Mitchell of ACE said he believed many institutions have invested significantly in student mental health pre-coronavirus, in response to growing demand for services. So "as institutions look at where are the holes they need to fill," he said, "happily student mental health is not at the front of the line because of the investments they’ve already made."

But that doesn't mean responding to student mental health concerns will be easy for institutions or presidents, Mitchell said. "Just as it's hard to move classes online, it's even harder to think about how you take all of your student supports and take them online," he said. "Presidents are grappling with taking forms of engagement that have formerly been campus-based and turn[ing] them into services online or at a distance."

Going Virtual in a Hurry

As seen in the chart above, almost every college ended in-person instruction as the coronavirus hit and moved all teaching and learning into remote or virtual settings, typically after pausing instruction over planned or extended spring breaks to help prepare professors and students alike for the transition. In general, Inside Higher Ed's reporting suggests that the process has generally gone smoothly in its early days, with relatively few complaints from students or significant interruptions in delivery.

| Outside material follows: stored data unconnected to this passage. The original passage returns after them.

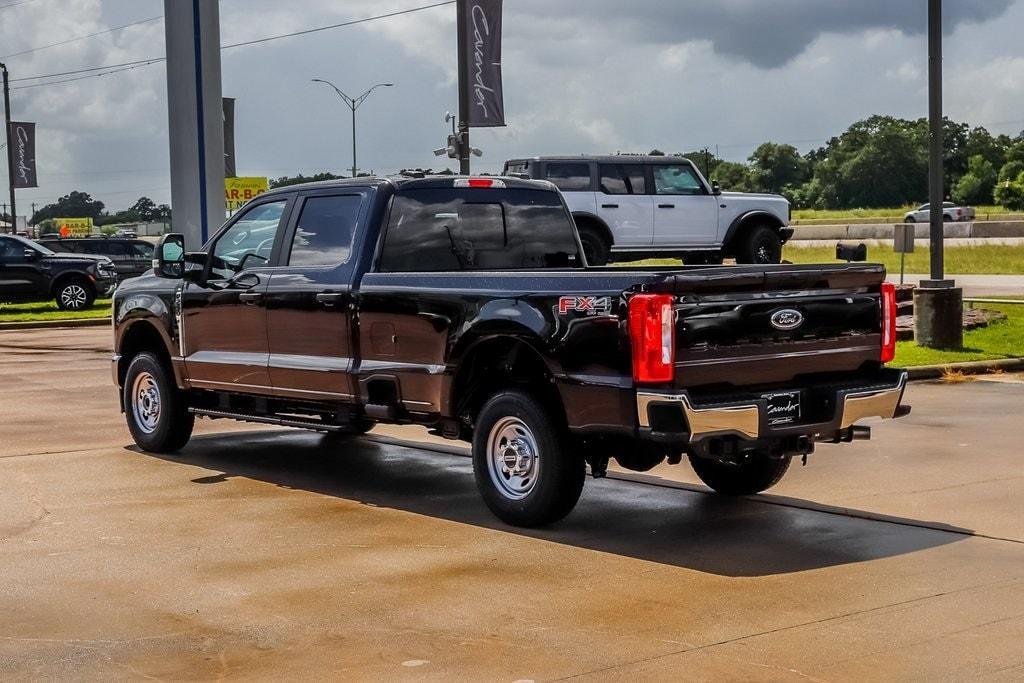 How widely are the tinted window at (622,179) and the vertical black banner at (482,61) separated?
1936mm

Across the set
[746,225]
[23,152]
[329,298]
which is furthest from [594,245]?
[23,152]

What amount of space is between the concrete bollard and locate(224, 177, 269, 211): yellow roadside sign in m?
27.2

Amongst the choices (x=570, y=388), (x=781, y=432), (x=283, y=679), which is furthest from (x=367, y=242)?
(x=283, y=679)

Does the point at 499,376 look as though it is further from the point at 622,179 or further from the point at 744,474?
the point at 622,179

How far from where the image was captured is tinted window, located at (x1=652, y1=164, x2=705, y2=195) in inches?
968

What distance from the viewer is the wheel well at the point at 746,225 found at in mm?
25078

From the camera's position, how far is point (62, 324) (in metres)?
29.1

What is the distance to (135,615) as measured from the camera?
6.41 m

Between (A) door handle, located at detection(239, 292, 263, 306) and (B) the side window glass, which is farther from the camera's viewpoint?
(B) the side window glass

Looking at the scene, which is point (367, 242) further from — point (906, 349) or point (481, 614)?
point (906, 349)

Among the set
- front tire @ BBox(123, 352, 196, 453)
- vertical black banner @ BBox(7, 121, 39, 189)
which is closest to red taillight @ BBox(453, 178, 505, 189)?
front tire @ BBox(123, 352, 196, 453)

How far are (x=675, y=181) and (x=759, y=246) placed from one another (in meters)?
1.90

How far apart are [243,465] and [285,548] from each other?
10.3ft

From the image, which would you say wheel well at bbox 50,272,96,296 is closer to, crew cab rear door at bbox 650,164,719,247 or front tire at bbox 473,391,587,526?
crew cab rear door at bbox 650,164,719,247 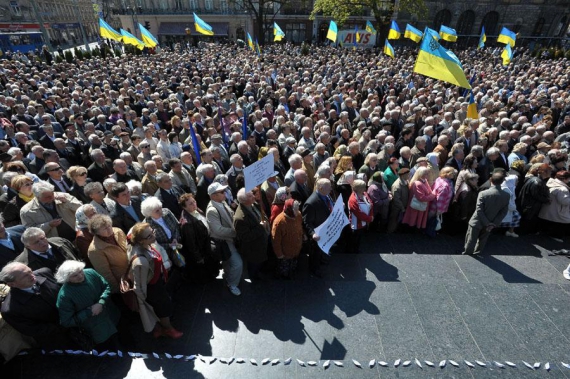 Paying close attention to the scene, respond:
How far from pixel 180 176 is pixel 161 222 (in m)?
1.94

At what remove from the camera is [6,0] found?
156 ft

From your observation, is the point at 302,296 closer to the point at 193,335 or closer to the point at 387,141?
the point at 193,335

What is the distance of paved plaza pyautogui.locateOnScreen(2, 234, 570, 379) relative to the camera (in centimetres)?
381

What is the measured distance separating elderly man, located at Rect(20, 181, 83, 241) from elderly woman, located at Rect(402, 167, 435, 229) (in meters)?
5.79

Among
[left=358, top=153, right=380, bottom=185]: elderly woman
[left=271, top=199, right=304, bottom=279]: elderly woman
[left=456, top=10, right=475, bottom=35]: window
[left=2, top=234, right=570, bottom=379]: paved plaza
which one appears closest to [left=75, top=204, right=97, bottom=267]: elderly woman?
[left=2, top=234, right=570, bottom=379]: paved plaza

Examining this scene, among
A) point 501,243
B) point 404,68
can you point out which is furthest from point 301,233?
point 404,68

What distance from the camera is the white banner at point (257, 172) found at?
464 cm

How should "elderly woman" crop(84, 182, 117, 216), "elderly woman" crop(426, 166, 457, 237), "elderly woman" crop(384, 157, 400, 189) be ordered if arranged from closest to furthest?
"elderly woman" crop(84, 182, 117, 216)
"elderly woman" crop(426, 166, 457, 237)
"elderly woman" crop(384, 157, 400, 189)

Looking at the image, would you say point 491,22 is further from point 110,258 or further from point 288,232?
point 110,258

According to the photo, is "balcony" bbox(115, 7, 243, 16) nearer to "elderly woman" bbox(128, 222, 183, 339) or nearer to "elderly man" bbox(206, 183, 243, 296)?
"elderly man" bbox(206, 183, 243, 296)

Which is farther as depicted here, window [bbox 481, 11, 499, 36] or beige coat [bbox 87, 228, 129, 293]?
window [bbox 481, 11, 499, 36]

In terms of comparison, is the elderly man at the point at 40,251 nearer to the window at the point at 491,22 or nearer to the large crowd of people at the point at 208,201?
the large crowd of people at the point at 208,201

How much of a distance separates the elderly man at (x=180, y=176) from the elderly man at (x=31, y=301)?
265cm

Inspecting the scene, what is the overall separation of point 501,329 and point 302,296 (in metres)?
2.79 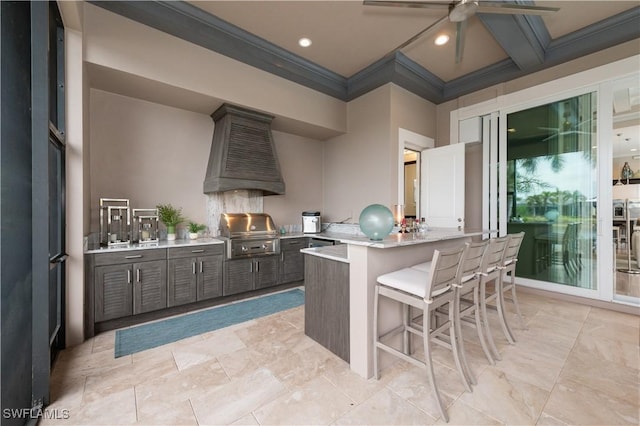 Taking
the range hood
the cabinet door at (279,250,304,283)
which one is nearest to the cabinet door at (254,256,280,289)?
the cabinet door at (279,250,304,283)

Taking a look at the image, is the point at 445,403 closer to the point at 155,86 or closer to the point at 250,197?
the point at 250,197

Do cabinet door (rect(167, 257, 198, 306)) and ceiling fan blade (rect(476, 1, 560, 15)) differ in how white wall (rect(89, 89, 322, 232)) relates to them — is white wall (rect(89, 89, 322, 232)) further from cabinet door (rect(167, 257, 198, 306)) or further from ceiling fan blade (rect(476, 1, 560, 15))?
ceiling fan blade (rect(476, 1, 560, 15))

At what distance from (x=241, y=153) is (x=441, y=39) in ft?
9.49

While faculty support for technology-enabled learning is historically very mixed, as Inside Higher Ed's annual surveys of faculty views on technology show, that does not appear to be the case in this situation, with fewer than a quarter of presidents saying they found it challenging to get faculty buy-in for the sudden move to remote learning.

But three-quarters of presidents said they found it either very or somewhat challenging to train instructors who are less familiar with digital delivery. Inside Higher Ed's 2019 Survey of Faculty Attitudes on Technology found that fewer than half of professors had taught an online course, and on some campuses that figure is likely to be much higher.

The other significant challenges presidents identified around the move to remote learning had to do with students. Slightly more than two-thirds of campus leaders (69 percent) said they viewed ensuring student access as a challenge, but a greater number, 81 percent, expressed concern about maintaining student engagement.